Exercise objective:
In the data below, find the line containing "A Kingdom This"; transcribe it and each line after it exactly, through the last, skipping pictures.

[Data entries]
----
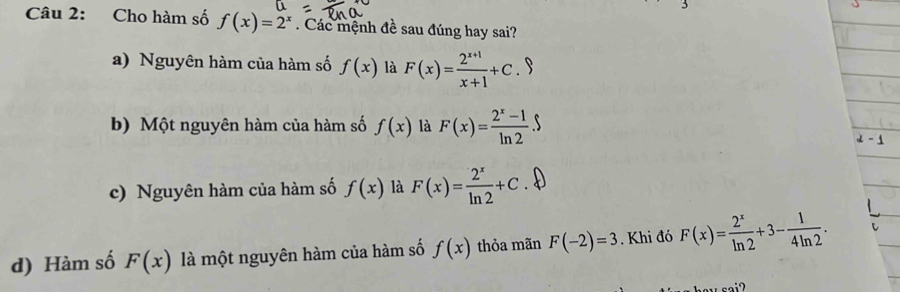 Cho hàm số f(x)=2^x. Các mệnh đề sau đúng hay sai?
a) Nguyên hàm của hàm số f(x) là F(x)= (2^(x+1))/x+1 +C.9
b) Một nguyên hàm của hàm số f(x) là F(x)= (2^x-1)/ln 2 .S
c) Nguyên hàm của hàm số f(x) là F(x)= 2^x/ln 2 +C
d) Hàm số F(x) là một nguyên hàm của hàm số f(x) thỏa mãn F(-2)=3. Khi đó F(x)= 2^x/ln 2 +3- 1/4ln 2 .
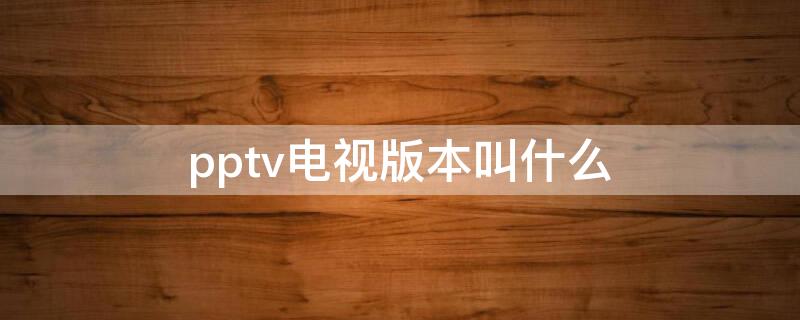 pptv电视版本叫什么（pptv电视中文名称）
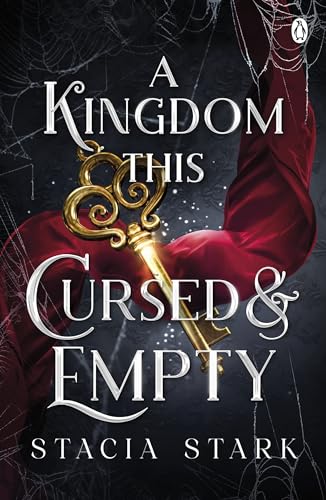 A Kingdom This Cursed and Empty: The enchanting slow burn romantasy series for fans of Raven Kennedy . . . (Kingdom of Lies, 2)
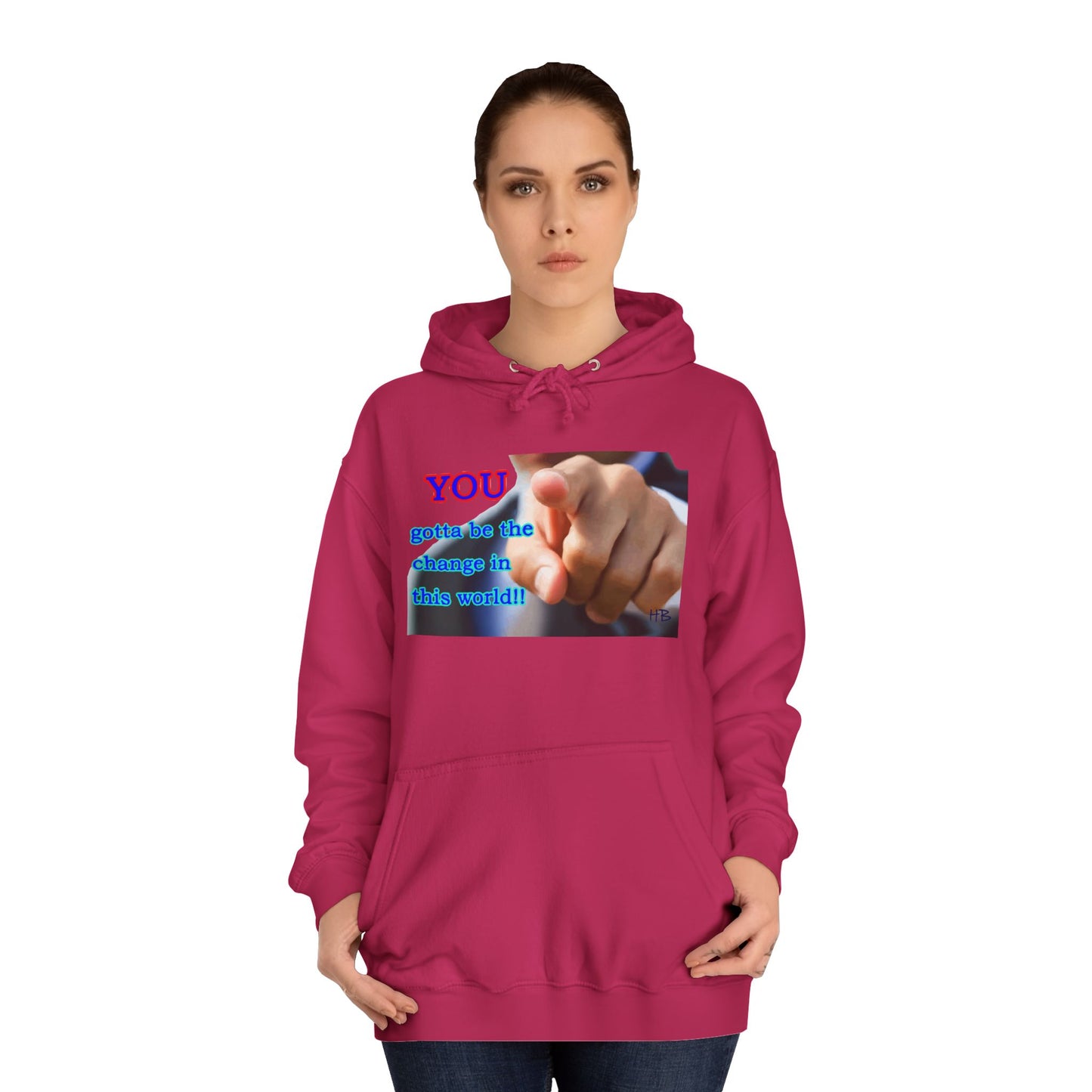You gotta be the change in this world (Hoodie - Cozy and Durable)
----
Your solution:
 A Kingdom This Cursed and Empty: The enchanting slow burn romantasy series for fans of Raven Kennedy . . . (Kingdom of Lies, 2)
You gotta be the change in this world (Hoodie - Cozy and Durable)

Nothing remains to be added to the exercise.